» THE PROBLEM:
Transcribe, without alteration, the line that includes "COLORINO KIDS nuplaunami" and each line after it until the records end, omitting all that precede it.

Short descriptive text snippets
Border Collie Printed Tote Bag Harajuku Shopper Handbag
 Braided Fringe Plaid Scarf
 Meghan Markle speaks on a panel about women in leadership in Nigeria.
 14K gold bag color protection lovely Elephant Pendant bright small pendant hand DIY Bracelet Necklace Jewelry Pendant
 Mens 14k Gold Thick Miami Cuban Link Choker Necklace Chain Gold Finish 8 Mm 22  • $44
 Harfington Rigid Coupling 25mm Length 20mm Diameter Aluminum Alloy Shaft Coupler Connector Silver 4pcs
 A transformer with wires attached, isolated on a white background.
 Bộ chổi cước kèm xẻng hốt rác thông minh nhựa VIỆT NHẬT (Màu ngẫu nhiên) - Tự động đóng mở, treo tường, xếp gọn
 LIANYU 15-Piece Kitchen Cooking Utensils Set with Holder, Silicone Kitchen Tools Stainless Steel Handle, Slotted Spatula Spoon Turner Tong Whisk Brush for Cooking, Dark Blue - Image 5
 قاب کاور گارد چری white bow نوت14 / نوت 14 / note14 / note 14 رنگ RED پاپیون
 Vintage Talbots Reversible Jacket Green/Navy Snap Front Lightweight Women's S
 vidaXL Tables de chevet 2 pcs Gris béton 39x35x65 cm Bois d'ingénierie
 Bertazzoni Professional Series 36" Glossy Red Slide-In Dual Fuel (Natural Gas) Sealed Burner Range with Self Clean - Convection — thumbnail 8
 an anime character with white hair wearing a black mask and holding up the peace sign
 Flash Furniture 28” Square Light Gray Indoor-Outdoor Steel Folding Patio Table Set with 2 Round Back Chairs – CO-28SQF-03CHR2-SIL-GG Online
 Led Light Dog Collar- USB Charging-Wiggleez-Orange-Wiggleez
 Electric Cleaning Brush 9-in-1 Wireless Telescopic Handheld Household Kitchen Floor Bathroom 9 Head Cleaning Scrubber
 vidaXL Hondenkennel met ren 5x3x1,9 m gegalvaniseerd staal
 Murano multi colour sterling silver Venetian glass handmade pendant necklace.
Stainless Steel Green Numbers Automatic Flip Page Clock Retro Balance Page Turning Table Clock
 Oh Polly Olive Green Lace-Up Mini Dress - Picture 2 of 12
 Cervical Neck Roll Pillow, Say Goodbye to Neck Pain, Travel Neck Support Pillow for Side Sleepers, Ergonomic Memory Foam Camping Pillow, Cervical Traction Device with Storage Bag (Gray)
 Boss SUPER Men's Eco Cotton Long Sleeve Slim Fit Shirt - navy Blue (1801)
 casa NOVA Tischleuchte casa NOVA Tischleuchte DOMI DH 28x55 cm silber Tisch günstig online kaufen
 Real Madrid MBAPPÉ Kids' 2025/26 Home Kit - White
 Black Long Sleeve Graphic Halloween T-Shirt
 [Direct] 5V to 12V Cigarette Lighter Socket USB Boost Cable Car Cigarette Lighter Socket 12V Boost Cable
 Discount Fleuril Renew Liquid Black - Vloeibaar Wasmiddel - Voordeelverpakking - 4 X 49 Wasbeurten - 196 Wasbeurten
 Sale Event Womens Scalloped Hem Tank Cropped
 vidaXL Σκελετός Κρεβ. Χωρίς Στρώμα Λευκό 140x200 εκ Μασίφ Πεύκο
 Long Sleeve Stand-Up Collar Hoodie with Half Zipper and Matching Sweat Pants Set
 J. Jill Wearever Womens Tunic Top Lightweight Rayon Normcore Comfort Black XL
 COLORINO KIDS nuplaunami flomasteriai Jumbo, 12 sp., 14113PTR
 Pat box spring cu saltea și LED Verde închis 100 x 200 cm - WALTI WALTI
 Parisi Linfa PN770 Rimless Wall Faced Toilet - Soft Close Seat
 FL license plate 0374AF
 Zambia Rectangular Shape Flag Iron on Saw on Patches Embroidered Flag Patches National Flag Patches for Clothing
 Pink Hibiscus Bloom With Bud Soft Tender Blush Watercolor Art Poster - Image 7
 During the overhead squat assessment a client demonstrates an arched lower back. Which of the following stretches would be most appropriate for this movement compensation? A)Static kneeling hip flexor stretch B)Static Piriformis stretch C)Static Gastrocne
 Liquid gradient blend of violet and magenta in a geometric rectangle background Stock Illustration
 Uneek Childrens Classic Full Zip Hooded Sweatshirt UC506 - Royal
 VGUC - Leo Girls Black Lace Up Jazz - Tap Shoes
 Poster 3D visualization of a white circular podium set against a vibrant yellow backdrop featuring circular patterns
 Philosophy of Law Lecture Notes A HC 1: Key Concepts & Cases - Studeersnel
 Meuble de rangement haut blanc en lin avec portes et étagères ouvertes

» RESPONSE:
 COLORINO KIDS nuplaunami flomasteriai Jumbo, 12 sp., 14113PTR
 Pat box spring cu saltea și LED Verde închis 100 x 200 cm - WALTI WALTI
 Parisi Linfa PN770 Rimless Wall Faced Toilet - Soft Close Seat
 FL license plate 0374AF
 Zambia Rectangular Shape Flag Iron on Saw on Patches Embroidered Flag Patches National Flag Patches for Clothing
 Pink Hibiscus Bloom With Bud Soft Tender Blush Watercolor Art Poster - Image 7
 During the overhead squat assessment a client demonstrates an arched lower back. Which of the following stretches would be most appropriate for this movement compensation? A)Static kneeling hip flexor stretch B)Static Piriformis stretch C)Static Gastrocne
 Liquid gradient blend of violet and magenta in a geometric rectangle background Stock Illustration
 Uneek Childrens Classic Full Zip Hooded Sweatshirt UC506 - Royal
 VGUC - Leo Girls Black Lace Up Jazz - Tap Shoes
 Poster 3D visualization of a white circular podium set against a vibrant yellow backdrop featuring circular patterns
 Philosophy of Law Lecture Notes A HC 1: Key Concepts & Cases - Studeersnel
 Meuble de rangement haut blanc en lin avec portes et étagères ouvertes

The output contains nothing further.